One of the world's oldest Christian communities fears it is driven into extinction after the Turkish government confiscated 50 Assyrian church properties in the latest attempt to further restrict religious freedom. The seizures, which stemmed from a land dispute, have led to claims of persecution.
The authorities seized 50 properties consisting of monasteries, cemeteries and churches belonging to the Syriac Orthodox Church. Among them are two working monasteries built 1,500 years ago. The government enforced the confiscation of the assets on the basis that the ownership deeds have lapsed.

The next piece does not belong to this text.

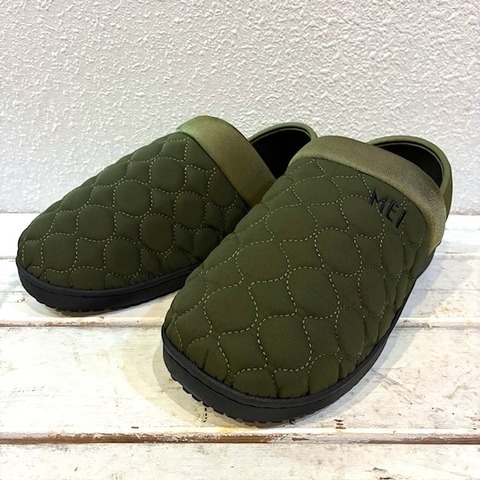 【MEI】QUILTING MOC SHOES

The dispute began when officials updated the national land registry in 2008 by redrawing boundaries surrounding Mor Gabriel and other villages in the southeastern region known as Tur Abdin or "The Mountain of the Servants of God" in English. That part has more than 80 monasteries.
The new boundaries turned over to the villages large plots of land owned for centuries by Mor Gabriel, one of the world's oldest functioning monasteries. It was founded in the 5th century. The monastery land itself was reclassified as a public forest. The Church has filed an appeal against the seizures. However, the government rejected the said appeal.

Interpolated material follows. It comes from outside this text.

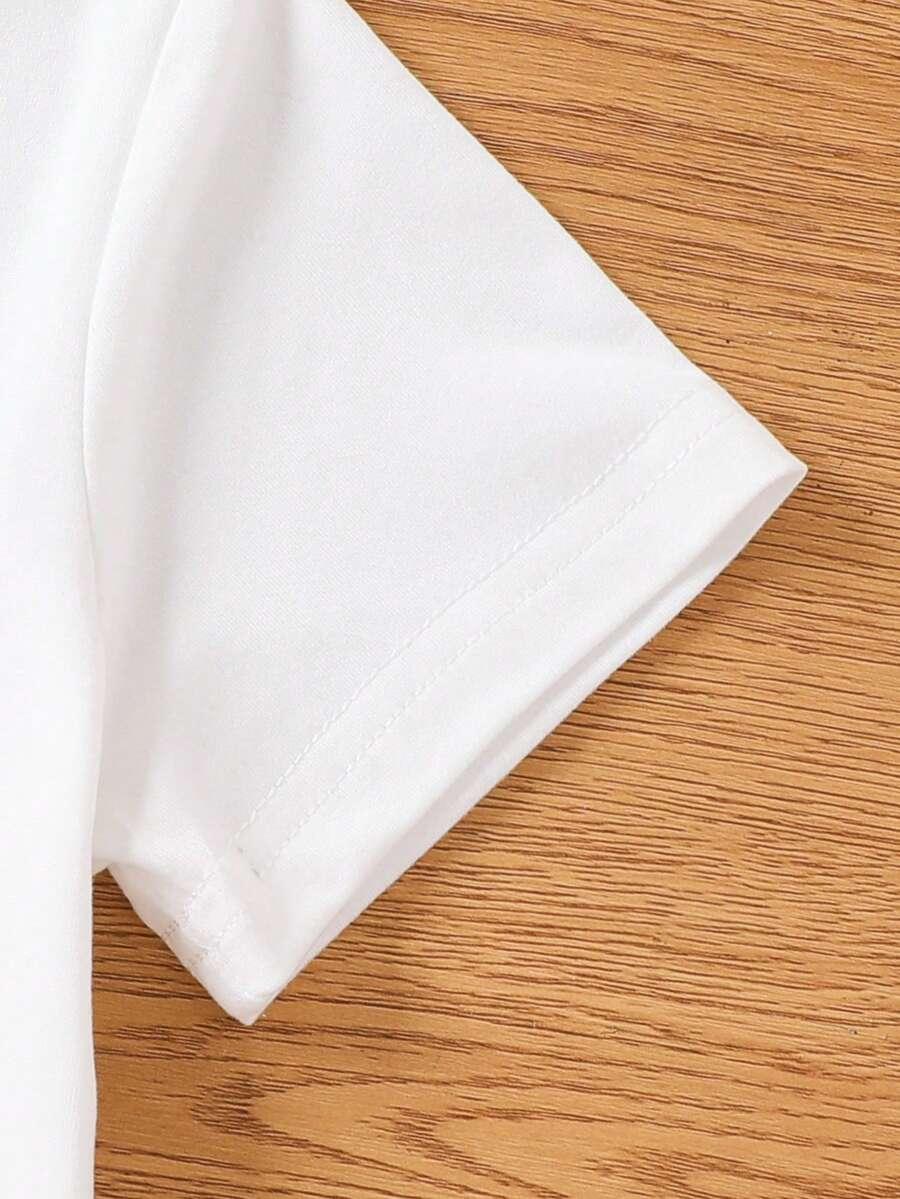 t-shirt spodenki komplet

This development is the latest move by the Turkish Islamist government against Christianity. Last year, the administration of President Recep Tayyip Erdogan seized six ancient Catholic, Orthodox and Protestant churches in the southeastern city of Diyarbakir. One of them dates back 1,700 years ago.
About 98 percent of the 80 million Turkish population is Muslim. The country's ruling AK Party government, which has Islamist roots, has repeatedly been criticized for hampering religious freedom for minority groups. The seizure of the assets is considered as a crushing blow to the Syriac culture.
Also called Assyrians, the Syriacs are one of Turkey's ancient communities. They are heirs to a civilization in historical Mesopotamia that dates back as far as 3500 B.C. Many of them still speak the language of Christ, which is Aramaic. They are also a persecuted lot, prompting many of them to flee to Europe.